Heidelberg: America’s favorite German city

Story and photos by Morgen Wright
Contributing writer

With a large American population and more museums and tourist sites than Paris, Heidelberg is one of the top destinations for Americans in the area.

The energy in this city is palpable. Strolling through Heidelberg’s picturesque streets, locals can be seen zooming past on their daily jogs, or  sitting down and enjoying a meal with friends. Around every corner is a building more beautiful than the last, and whether visitors take the funicular railway or walk up the steep hill to the castle, they’ll find a view of the city that is unforgettable. On a sunny day, the Neckarweise, or Neckar River banks, becomes a haven for sun-worshippers, those out on a stroll, dog owners, couples in love, bookworms, Frisbee players and picnickers alike, according to the Heidelberg Fact File for 2009, an informational booklet on Heidelberg.

Experiencing Heidelberg during a short holiday visit is like discovering beautiful pictures: Many facets, subtle colors, touching moods and lasting impressions, according to Heidelberg Marketing GmbH.

“It’s the one city I always take my guests to see,” said Jettenbach resident Brook Doggett.  She also added that the reason for this is because it is easy to get to, there is a lot to see and do and it’s fairly inexpensive. And it’s true. It doesn’t cost much to pack a lunch, throw a blanket over your shoulder and have a picnic on the castle grounds.
While there, visitors should take a tour of the inside of the castle.
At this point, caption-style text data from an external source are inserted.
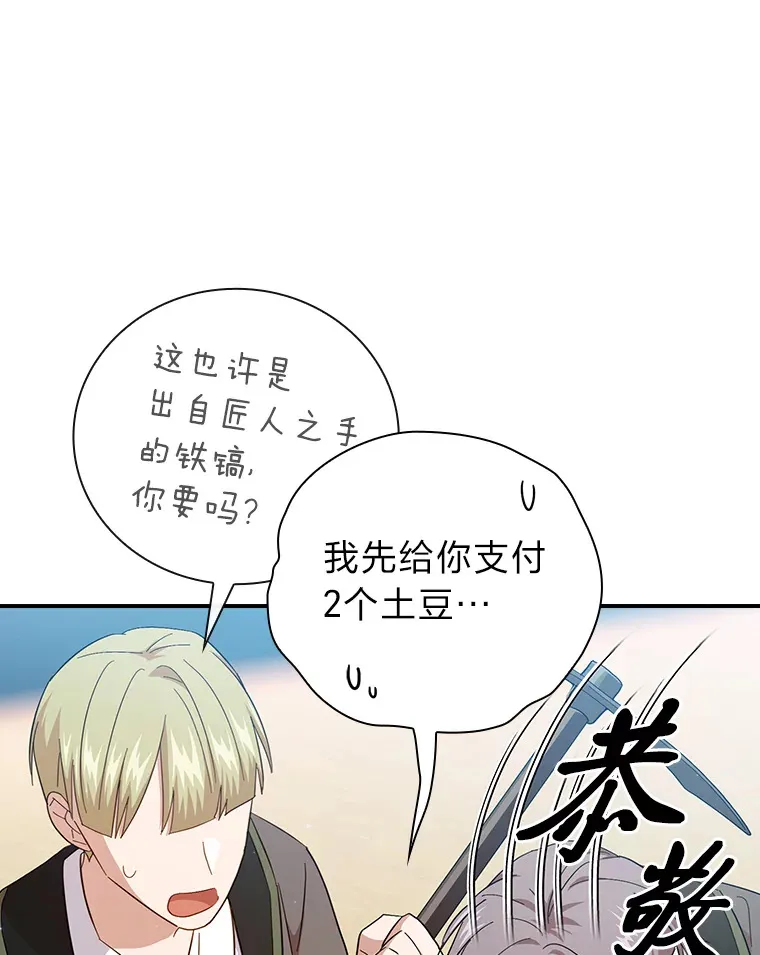 60.先抓住他们的胃 第44页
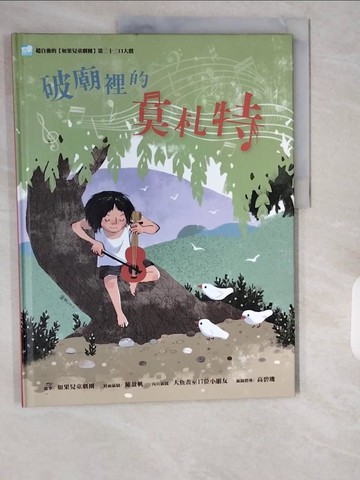 【書寶二手書T1／兒童文學_ZIN】破廟裡的莫札特_如果兒童劇團故事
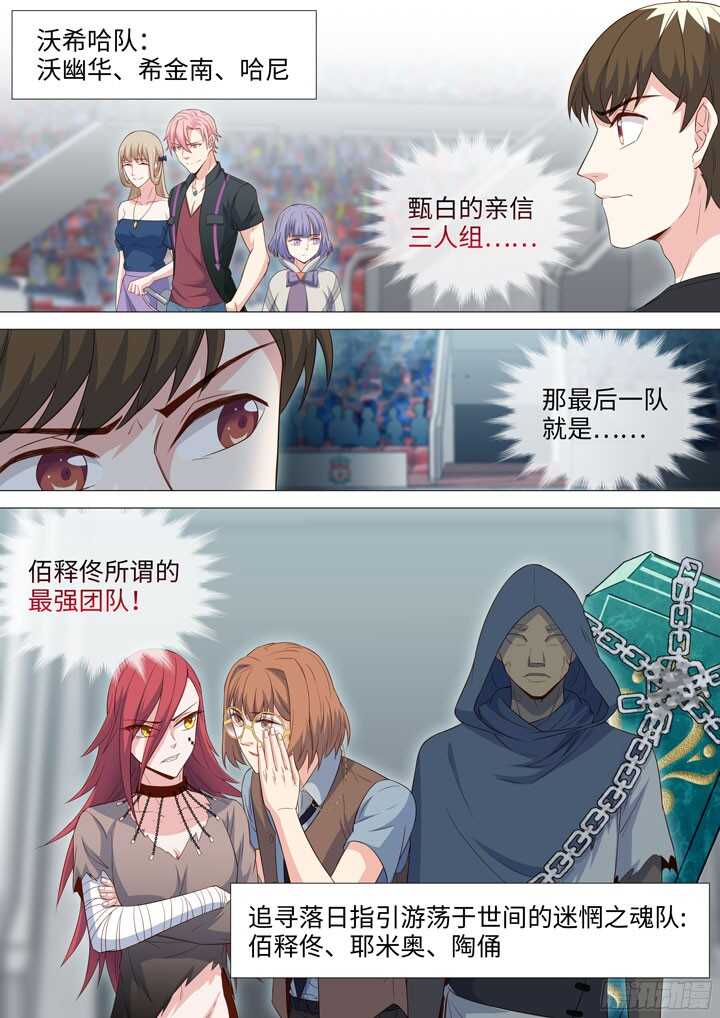 《羞耻侠》205.决赛开始 第4页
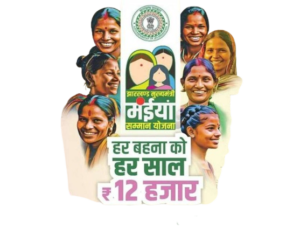 मुख्यमंत्री Maiya Samman Yojana 2024 का परिचय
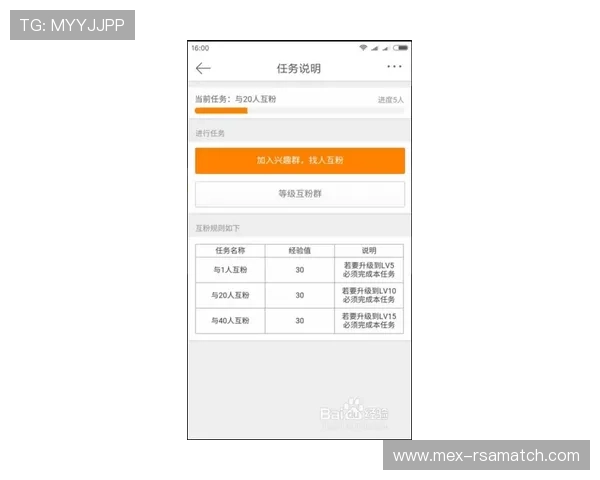 友博体育官网如何快速注册账号及完善个人信息提升游戏体验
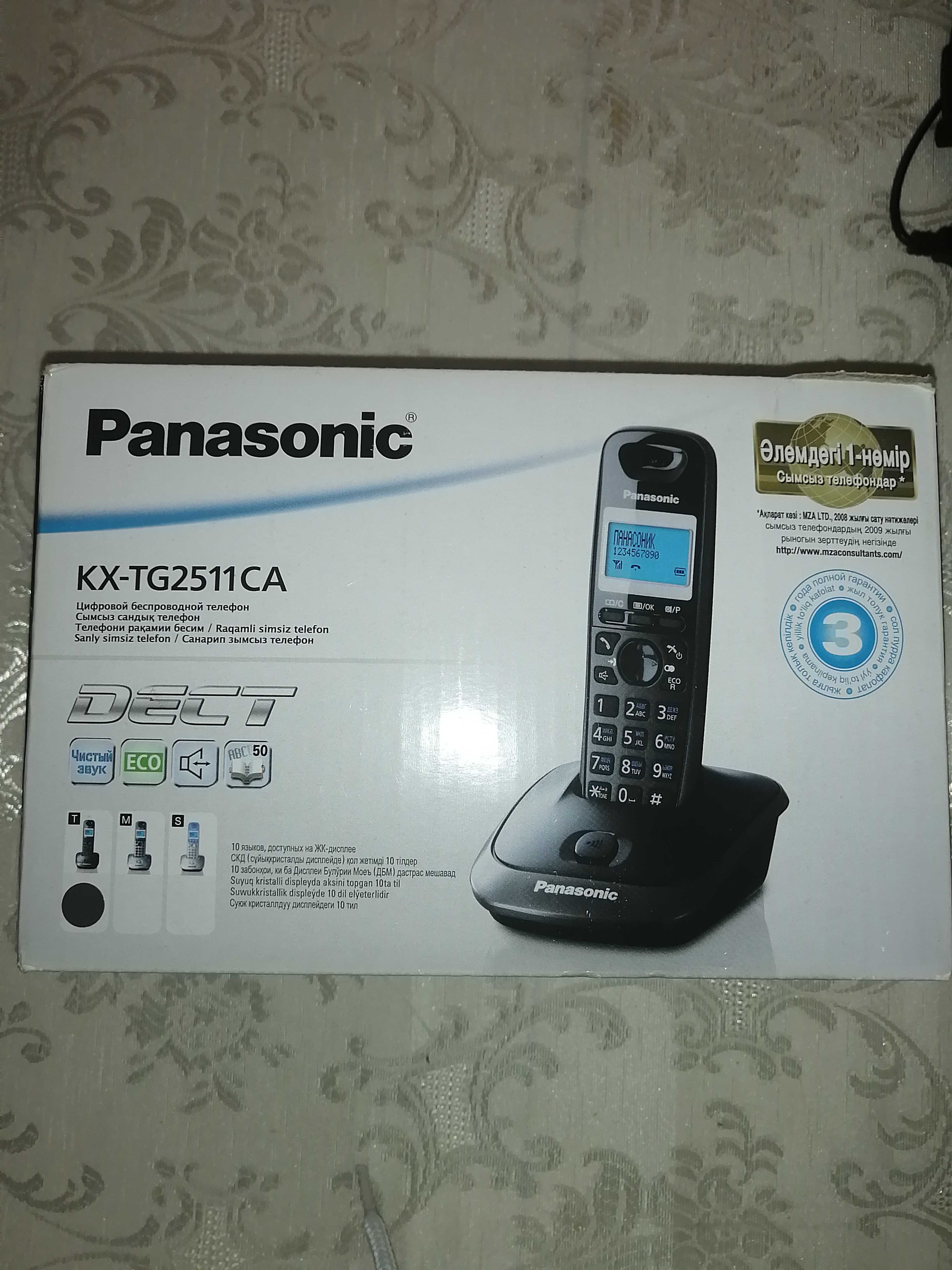 Телефон Panasonic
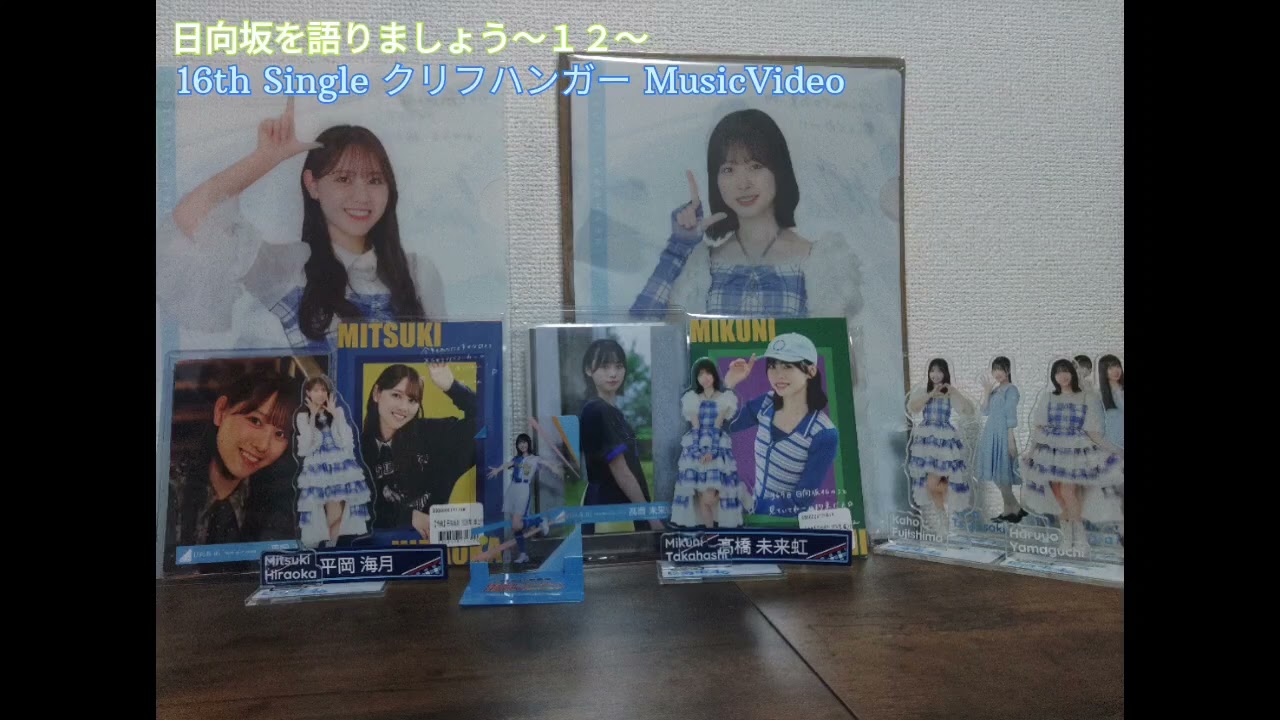 #12《16th Single クリフハンガー MusicVideoについて》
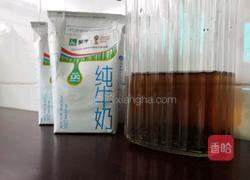 自制拉芋圆(珍珠)奶茶的做法图解1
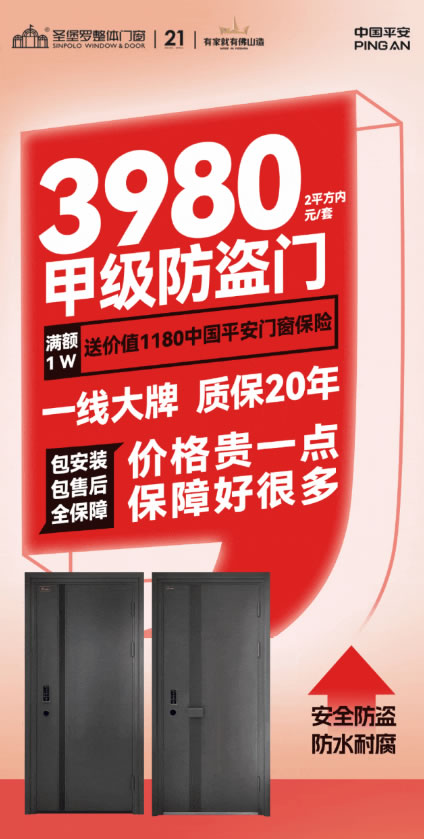 圣堡羅大額補(bǔ)貼門(mén)窗煥新！以舊換新進(jìn)小區(qū)·全國(guó)樓盤(pán)專場(chǎng)團(tuán)購(gòu)會(huì)火熱開(kāi)啟！
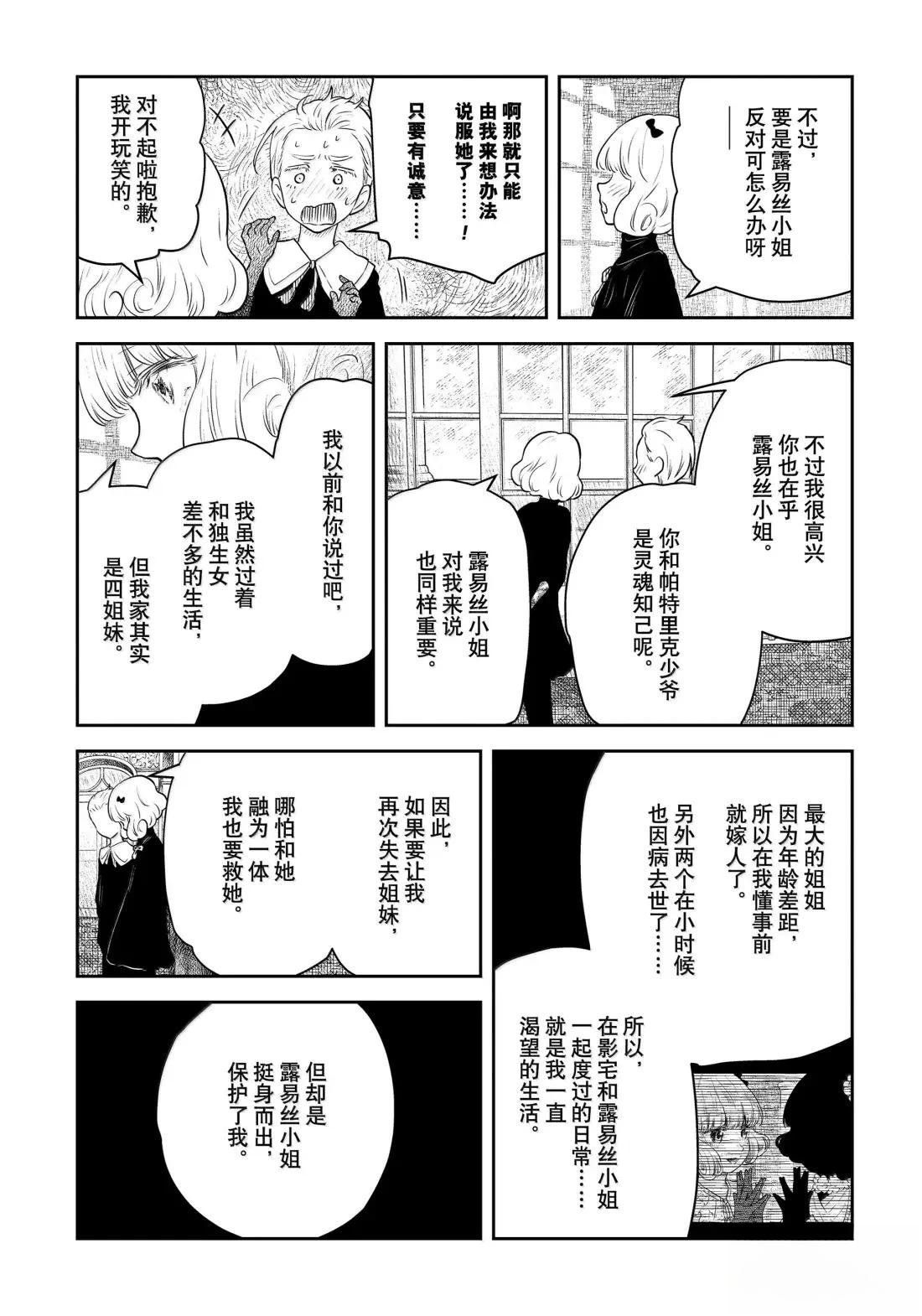 第211话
The tour costs €4 for adults and the view from the balcony is amazing.  In fact, most Americans said they came to Heidelberg specifically to see the castle. 

“We kept hearing about the castle and ‘Great Wine Barrel inside,’” said Ramstein local Christoper Culley.  He also said it was a great day for the family and Heidelberg was worth visiting again. 

So, what else makes Heidelberg a hot destination for Americans?
“It’s a great one-day town,” said Joe Franzwa, an American exchange student studying in Stuttgart.

One draw is that most tourist attractions in Heidelberg are reasonably priced; guided tours cost little and there are also boat, bus and walking tours for the more ambitious tourists. Or, for a different view of the city, visitors can choose to climb the tower of St. Peter’s Church (Peterkirsche), the oldest parish church in the city.  Parts of the tower date back to the 12th century, according to a Heidelberg Bergbahnen pamphlet.

The Heidelberg day pass is also a good option. For the cost of one tour, visitors can ride the trams, buses and the funicular for free. The funicular is a great option for getting up the hill to the castle for those who have small children or just don’t feel like climbing the stairs.

And if there’s still time to kill before catching the train home, Heidelberg also has a great shopping area just a short walk away from the old part of town on the Haupstrasse. 

Heidelberg nightlife is also lively, thanks to the university, which claims to have the oldest exchange program, according to the University of Heidelberg Web site.
There is always something going on, whether it’s a concert or show, visitors can always find something to do here, said Adrian Gray, a U.S. servicemember stationed in Heidelberg.

Even if staying for just a day, visitors should stop by one of the tourist information centers conveniently located in the city. Both centers have helpful information on city events and goings on.